He knew, in fact, a great deal more about many things than he had known that night. And he was a vastly different man. He was still thin, but it was not the pale thinness of before. He was lean and brown, his frame was filling slowly but evenly, and his one care was the procuring of food. For he had the perpetual hunger of the gaunt young animal whose growing cells are ever demanding more and more building materials.
His step had none of the nervous hurry of those who tread city streets. In his rough tramping boots he swung down through brush and over rocks with a long, sure, loping stride which showed that he had forgotten that he had such things as nerves, and though he was physically tired his face shone with the zest of a boy in the game and of the hunter hurrying to his mate with the kill.

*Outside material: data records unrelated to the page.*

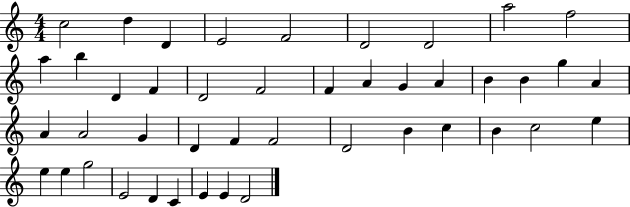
{
  \clef treble
  \numericTimeSignature
  \time 4/4
  \key c \major
  c''2 d''4 d'4 | e'2 f'2 | d'2 d'2 | a''2 f''2 | \break a''4 b''4 d'4 f'4 | d'2 f'2 | f'4 a'4 g'4 a'4 | b'4 b'4 g''4 a'4 | \break a'4 a'2 g'4 | d'4 f'4 f'2 | d'2 b'4 c''4 | b'4 c''2 e''4 | \break e''4 e''4 g''2 | e'2 d'4 c'4 | e'4 e'4 d'2 | \bar "|."
}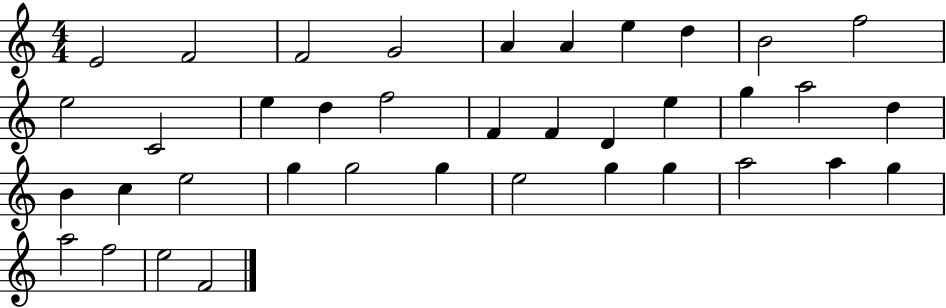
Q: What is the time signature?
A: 4/4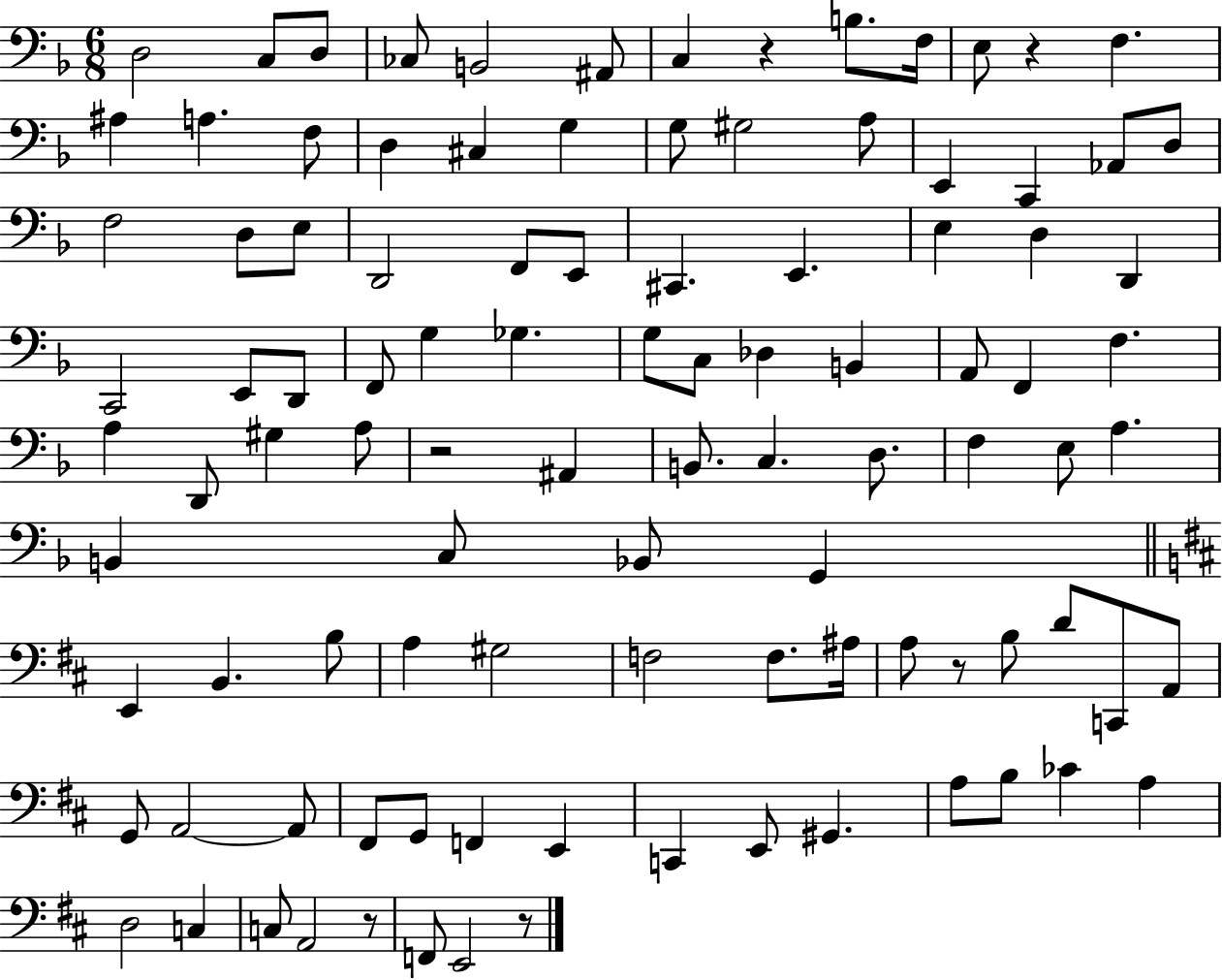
{
  \clef bass
  \numericTimeSignature
  \time 6/8
  \key f \major
  d2 c8 d8 | ces8 b,2 ais,8 | c4 r4 b8. f16 | e8 r4 f4. | \break ais4 a4. f8 | d4 cis4 g4 | g8 gis2 a8 | e,4 c,4 aes,8 d8 | \break f2 d8 e8 | d,2 f,8 e,8 | cis,4. e,4. | e4 d4 d,4 | \break c,2 e,8 d,8 | f,8 g4 ges4. | g8 c8 des4 b,4 | a,8 f,4 f4. | \break a4 d,8 gis4 a8 | r2 ais,4 | b,8. c4. d8. | f4 e8 a4. | \break b,4 c8 bes,8 g,4 | \bar "||" \break \key d \major e,4 b,4. b8 | a4 gis2 | f2 f8. ais16 | a8 r8 b8 d'8 c,8 a,8 | \break g,8 a,2~~ a,8 | fis,8 g,8 f,4 e,4 | c,4 e,8 gis,4. | a8 b8 ces'4 a4 | \break d2 c4 | c8 a,2 r8 | f,8 e,2 r8 | \bar "|."
}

As he came down behind the long sugar house he heard Augusta singing. She sang a wonderfully sweet natural contralto, but Jimmie had learned that she hardly ever sang except when she felt lonely—and he knew that there must be times when she was indeed very lonesome, for this was a life which might well have tested the constant cheerfulness of a staid woman, while Augusta was indeed, in many things, only a highly sensitive and impressionable child. He started to hurry, thinking of the many long hours he left her alone in this lonesome place. But the song arrested him—he had not heard it before—and he loitered a little, not wishing to break in until he had heard it through.
She was singing:
"Gyp, Gyp, me little horse?"
"Gyp-Gyp, again sir."
"How many miles to Dublin?"
"Four score an' ten, sir."
"Gyp, Gyp, me little horse?"
"Gyp-Gyp, again sir."
"Can I get there by candle-light?"
"Troth an' back again, sir."
"Gallopy, gallopy, gallopy
"Trot!
"I sold my buttermilk every drop.
"Ev-er-y drop."
It was a happy lilting little song that trotted merrily up and down an easy range of sweet and saucy notes, and Jimmie could see "Me Little Horse" dancing blithely along in front of a cart and answering back his part of the dialogue. From the song he knew that Augusta was not singing this time because she was lonely. She was happy. And it followed, therefore, that she was busy at something that her heart was proud of. Jimmie wondered if she had, perhaps, found some new and wonderfully neater way of turning a patch on his clothes. This he had found was one of Augusta's most thrilling and soul satisfying achievements. But there was another sound that came hammering into the song as he came nearer. It was a jerky, clicking, amateurish sort of noise, but it was unmistakable. Jimmie's head went up and one ear turned up into the air, listening with unbelief. But there came the stroke of the little bell near the end of the line, and he plainly heard the sound of the carriage being shifted.
"By the Poker of Moses!" said Jimmie to himself. "She's found a typewriter growing under a toadstool somewhere, and she's at it. It won't surprise me if she's got a couple of books written by now. I knew she'd get loose sometime."
Sure enough, as he came softly around the corner of the camp house in which they were living, there sat Augusta in front of John McQuade's table, and, strangest of all, she was working on Jimmie's own old machine! The sight of that battered old machine brought Wardwell up stock still with a lump in his throat, for he went back on the instant to a black night, now long ago, when he had laid down such things as work and ambition and courage, and thought that he was done with them forever.